Apenas los herederos de Trotsky se hagan con el poder en algún lado el país soñado por el Chipi se hará realidad, sostienen, y el paraíso comunista llegará, finalmente, a la Tierra. Voluntarismo personalista de la peor especie, como se ve, y proclamado desde el sitial de quienes proclaman conocer las leyes objetivas del devenir histórico.
¿Por qué los troskos se enfurecen más si les dicen “stalinistas” que si los acusan de totalitarios? ¿En qué se basan para elaborar una teoría de la Historia basada en el enfrentamiento entre Trotsky y Stalin? Muy simple: en el crimen de Trotsky por encargo de Stalin. Argumento espectacular, pero débil.
También Al Capone llegó al poder eliminando a todos los mafiosos de Chicago que podían hacerle competencia. Pero eso no constituye un argumento a favor de la moralidad de esos mafiosos, ni permite suponer que si uno de ellos hubiera vencido a Al Capone las cosas hubieran sido completamente diferentes.
¡Pobre Marx! El hombre cometió muchos errores y su idea de la dictadura del proletariado no fue una buena idea, pero no se merecía semejantes herederos. La discusión de si lo que pasó es el fruto inevitable de sus teorías me parece una discusión válida, ya que Marx fue el mayor crítico del capitalismo pero dejó muy pocas indicaciones sobre el régimen que debía reemplazarlo. Abstracciones. Vaguedades. Y alguna desafortunada frase sobre una dictadura provisoria. Más o menos como el Sarmiento de “No ahorre sangre de gauchos”.
A mí, admitiendo las discrepancias, me gusta quedarme con el Marx socialdemócrata de “Karl Marx o el espíritu del mundo”, del gran Jacques Attali. Y con sus dos enormes intuiciones sobre la sociedad global de la información y el conocimiento en la que hoy nos toca vivir, redactadas a mediados del siglo XIX: la primera y gloriosa parte del Manifiesto Comunista, el mayor elogio a la burguesía de que se tenga memoria, y las extraordinarias frases del Gründrisse sobre el “general intellect” como fundamento de la producción avanzada.
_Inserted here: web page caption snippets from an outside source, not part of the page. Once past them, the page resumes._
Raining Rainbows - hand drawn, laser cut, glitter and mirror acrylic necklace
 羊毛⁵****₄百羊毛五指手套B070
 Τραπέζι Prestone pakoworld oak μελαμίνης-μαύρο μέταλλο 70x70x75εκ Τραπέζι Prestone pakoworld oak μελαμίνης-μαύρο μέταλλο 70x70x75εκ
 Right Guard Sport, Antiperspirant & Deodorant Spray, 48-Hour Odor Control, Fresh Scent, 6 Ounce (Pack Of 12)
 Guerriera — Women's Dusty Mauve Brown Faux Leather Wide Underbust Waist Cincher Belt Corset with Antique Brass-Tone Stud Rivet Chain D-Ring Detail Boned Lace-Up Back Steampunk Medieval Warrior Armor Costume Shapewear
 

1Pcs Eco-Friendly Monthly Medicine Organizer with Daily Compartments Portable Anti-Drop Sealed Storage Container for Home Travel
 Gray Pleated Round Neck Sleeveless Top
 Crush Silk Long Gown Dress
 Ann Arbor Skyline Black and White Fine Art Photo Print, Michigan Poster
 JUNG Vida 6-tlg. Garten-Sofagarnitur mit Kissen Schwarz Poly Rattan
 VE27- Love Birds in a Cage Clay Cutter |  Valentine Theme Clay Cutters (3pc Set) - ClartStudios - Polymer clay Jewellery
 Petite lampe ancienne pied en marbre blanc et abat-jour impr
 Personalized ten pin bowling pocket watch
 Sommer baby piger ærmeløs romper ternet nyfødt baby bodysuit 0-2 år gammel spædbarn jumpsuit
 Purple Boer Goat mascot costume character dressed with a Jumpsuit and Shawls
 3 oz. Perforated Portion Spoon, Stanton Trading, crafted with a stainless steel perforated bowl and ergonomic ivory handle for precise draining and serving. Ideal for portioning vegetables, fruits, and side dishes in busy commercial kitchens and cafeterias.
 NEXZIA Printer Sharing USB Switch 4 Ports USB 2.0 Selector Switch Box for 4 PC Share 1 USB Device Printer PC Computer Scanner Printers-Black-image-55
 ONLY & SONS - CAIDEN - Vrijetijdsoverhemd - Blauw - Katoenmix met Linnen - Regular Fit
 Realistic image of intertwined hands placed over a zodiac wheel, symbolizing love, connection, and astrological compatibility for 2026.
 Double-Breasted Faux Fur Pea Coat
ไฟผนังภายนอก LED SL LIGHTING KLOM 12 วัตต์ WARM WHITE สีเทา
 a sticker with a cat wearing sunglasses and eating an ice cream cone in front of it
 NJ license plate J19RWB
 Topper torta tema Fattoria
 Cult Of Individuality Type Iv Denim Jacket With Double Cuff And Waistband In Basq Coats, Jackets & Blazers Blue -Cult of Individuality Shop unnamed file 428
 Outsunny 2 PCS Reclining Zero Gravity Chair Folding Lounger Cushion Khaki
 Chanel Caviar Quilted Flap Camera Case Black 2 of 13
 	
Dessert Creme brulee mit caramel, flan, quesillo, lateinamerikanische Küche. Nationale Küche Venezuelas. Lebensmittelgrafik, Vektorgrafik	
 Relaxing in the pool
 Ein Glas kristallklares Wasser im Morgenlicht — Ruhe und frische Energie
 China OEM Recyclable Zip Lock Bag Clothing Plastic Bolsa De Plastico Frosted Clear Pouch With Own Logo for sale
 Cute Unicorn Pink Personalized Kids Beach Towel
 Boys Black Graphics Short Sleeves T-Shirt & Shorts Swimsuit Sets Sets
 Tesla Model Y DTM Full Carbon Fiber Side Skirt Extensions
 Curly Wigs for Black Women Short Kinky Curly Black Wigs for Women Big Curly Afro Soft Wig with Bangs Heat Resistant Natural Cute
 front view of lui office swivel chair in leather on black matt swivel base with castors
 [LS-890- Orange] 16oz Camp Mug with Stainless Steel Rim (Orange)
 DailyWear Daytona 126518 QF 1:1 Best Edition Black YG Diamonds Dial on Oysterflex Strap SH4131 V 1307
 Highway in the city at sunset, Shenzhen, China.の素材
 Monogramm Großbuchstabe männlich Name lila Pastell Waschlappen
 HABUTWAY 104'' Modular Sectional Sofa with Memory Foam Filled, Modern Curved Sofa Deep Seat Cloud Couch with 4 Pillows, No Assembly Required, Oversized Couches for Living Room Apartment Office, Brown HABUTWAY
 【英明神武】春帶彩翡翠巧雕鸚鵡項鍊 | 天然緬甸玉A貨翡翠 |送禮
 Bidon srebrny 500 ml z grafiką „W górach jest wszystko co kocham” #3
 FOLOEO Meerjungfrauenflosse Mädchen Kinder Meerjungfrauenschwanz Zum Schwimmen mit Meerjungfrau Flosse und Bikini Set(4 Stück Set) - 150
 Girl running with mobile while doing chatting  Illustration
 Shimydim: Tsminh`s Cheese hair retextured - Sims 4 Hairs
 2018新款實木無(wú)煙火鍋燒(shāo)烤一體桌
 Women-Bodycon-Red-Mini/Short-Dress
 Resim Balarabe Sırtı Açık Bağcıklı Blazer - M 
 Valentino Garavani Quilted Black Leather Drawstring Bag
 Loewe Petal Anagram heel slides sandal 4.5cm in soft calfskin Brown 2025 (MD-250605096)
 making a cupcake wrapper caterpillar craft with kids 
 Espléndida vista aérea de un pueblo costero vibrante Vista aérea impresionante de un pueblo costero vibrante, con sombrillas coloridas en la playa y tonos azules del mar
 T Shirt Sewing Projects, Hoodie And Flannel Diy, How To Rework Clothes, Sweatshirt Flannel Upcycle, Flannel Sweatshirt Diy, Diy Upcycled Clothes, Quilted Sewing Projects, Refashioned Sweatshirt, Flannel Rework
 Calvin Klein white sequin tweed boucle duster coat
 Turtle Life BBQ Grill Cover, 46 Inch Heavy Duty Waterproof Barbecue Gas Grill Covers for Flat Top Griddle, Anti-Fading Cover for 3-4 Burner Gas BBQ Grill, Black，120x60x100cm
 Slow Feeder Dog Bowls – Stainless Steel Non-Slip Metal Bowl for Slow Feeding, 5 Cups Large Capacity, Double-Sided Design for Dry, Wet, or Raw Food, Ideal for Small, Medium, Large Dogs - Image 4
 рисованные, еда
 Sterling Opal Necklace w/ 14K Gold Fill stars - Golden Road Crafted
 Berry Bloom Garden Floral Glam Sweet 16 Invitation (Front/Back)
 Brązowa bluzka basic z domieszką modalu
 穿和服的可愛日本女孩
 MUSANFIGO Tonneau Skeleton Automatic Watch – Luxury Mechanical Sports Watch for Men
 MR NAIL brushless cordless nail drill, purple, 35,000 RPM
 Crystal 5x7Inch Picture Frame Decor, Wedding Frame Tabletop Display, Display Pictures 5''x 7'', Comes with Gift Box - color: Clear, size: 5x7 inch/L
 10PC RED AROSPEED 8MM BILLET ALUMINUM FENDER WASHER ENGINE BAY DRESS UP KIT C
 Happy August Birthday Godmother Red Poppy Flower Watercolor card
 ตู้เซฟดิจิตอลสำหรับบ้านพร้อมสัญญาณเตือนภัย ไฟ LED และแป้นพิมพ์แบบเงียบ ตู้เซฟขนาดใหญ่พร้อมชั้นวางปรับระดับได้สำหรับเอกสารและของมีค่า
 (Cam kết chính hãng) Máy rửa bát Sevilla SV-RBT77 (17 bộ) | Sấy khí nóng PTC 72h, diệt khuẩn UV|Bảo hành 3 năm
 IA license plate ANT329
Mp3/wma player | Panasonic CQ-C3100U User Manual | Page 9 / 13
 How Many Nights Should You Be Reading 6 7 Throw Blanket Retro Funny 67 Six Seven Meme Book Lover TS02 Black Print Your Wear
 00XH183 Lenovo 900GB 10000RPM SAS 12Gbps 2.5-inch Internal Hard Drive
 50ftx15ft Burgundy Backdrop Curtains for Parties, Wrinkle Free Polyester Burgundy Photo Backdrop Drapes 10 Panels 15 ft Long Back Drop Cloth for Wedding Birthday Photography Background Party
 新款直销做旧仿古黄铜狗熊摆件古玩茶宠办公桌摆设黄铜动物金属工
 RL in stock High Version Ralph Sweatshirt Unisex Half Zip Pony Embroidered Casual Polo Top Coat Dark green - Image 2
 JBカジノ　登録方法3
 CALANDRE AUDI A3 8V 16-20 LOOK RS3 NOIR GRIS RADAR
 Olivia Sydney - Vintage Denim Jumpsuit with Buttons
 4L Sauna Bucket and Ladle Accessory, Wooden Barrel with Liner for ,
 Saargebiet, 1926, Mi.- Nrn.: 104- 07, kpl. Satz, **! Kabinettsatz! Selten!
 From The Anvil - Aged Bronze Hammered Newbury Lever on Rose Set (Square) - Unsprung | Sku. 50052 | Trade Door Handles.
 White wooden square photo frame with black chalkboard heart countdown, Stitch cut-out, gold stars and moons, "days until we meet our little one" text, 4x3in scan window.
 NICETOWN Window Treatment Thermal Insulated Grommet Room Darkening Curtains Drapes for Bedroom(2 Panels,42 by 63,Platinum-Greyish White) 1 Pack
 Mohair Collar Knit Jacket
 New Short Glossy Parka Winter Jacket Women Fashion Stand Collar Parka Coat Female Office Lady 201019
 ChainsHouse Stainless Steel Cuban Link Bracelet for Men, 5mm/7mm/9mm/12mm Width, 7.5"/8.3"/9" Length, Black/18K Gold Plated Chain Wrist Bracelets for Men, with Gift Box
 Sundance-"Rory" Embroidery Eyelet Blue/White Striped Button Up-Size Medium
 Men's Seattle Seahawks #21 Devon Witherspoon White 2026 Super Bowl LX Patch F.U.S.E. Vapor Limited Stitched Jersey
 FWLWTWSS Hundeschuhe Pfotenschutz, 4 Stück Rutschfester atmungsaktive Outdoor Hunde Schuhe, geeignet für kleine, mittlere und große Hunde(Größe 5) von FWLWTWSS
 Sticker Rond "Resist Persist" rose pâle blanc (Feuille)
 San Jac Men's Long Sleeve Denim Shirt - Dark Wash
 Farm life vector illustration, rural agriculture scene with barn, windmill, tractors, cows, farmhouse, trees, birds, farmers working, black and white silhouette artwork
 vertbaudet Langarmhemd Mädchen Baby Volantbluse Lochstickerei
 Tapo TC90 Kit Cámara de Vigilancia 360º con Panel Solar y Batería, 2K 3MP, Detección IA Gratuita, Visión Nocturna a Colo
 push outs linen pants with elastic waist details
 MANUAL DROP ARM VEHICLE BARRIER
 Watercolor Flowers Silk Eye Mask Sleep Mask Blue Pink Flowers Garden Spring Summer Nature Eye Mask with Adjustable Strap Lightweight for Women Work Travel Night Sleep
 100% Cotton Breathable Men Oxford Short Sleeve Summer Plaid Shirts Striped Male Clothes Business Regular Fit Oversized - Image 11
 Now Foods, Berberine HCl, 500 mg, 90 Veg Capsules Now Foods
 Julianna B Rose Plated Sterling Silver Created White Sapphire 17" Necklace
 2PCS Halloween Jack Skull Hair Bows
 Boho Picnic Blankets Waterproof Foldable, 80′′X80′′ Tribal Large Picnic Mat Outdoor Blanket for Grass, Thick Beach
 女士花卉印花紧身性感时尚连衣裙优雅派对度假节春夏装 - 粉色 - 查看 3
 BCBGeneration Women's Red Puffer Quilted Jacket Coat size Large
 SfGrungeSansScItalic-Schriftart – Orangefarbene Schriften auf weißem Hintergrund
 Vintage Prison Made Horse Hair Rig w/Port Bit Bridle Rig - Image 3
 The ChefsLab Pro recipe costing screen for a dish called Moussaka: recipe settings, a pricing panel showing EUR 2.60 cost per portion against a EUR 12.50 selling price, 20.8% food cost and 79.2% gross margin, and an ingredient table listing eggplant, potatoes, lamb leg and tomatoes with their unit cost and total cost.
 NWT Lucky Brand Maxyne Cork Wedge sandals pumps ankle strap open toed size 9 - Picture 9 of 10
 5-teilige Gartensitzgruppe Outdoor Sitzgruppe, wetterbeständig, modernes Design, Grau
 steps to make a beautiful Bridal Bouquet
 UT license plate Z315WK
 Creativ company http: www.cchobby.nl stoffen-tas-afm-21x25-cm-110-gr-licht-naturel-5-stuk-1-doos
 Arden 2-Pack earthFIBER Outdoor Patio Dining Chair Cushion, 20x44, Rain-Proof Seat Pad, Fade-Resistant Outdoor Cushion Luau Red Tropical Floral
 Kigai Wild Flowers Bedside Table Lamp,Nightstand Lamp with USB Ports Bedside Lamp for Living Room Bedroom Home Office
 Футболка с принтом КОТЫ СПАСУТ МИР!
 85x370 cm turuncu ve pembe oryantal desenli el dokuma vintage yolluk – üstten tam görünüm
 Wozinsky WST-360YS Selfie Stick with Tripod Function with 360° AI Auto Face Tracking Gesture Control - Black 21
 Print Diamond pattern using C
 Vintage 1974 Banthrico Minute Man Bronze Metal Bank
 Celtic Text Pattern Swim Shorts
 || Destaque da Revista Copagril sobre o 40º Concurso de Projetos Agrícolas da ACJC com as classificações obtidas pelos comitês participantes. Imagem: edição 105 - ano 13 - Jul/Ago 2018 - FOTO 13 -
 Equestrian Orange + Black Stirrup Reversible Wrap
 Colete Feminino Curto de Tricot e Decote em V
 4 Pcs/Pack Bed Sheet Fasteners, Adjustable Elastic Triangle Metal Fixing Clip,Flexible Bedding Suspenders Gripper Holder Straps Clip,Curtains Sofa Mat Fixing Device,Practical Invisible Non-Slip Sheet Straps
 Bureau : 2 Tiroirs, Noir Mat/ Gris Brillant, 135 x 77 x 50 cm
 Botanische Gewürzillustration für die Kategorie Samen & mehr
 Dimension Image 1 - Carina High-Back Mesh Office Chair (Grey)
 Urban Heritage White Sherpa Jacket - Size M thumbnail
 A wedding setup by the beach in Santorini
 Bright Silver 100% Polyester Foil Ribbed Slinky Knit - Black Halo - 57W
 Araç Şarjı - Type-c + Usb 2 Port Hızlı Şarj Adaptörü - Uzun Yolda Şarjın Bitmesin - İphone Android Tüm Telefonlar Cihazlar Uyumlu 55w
En fin. Que cuando yo era trotskista me levantaba a las cinco de la mañana y salía a repartir La Quincena Obrera en puerta de fábrica. Cristalux, de Avellaneda. Firestone, en la rotonda de Llavallol. La Volkswagen de Monte Chinglo. Ahora, no. Ahora son todos troskos con OSDE. Dirigentes universitarios rubiecitos que pululan por la UBA y Palermo Soho hablando en nombre de la clase obrera. Dirigentes de partidos que, o no tienen bases obreras, o la tienen, pero no llegan nunca a la dirección; mucho menos, a una banca de diputado.
Como La Cámpora, vaya casualidad, más o menos. O como la Revolución Cubana, que vino a instaurar la igualdad en un país con un tercio de la población negra y mulata y en medio siglo nunca tuvo a un negro o a un mulato entre sus principales dirigentes.
Yo no tengo nada contra Palermo Soho ni contra los rubios. No soy clasista, pero ellos sí, y por lo tanto harían bien en aplicar sus propios criterios pro-obreros a sus propios partidos. A sus Pymes, quiero decir. Las mejores Pymes del país. Sin inversión ni riesgos. Financiadas por el Estado. Con una clase obrera que hace el trabajo pesado sin jamás ir a la huelga. Troskos con OSDE. El paraíso en la Tierra. Una gloria.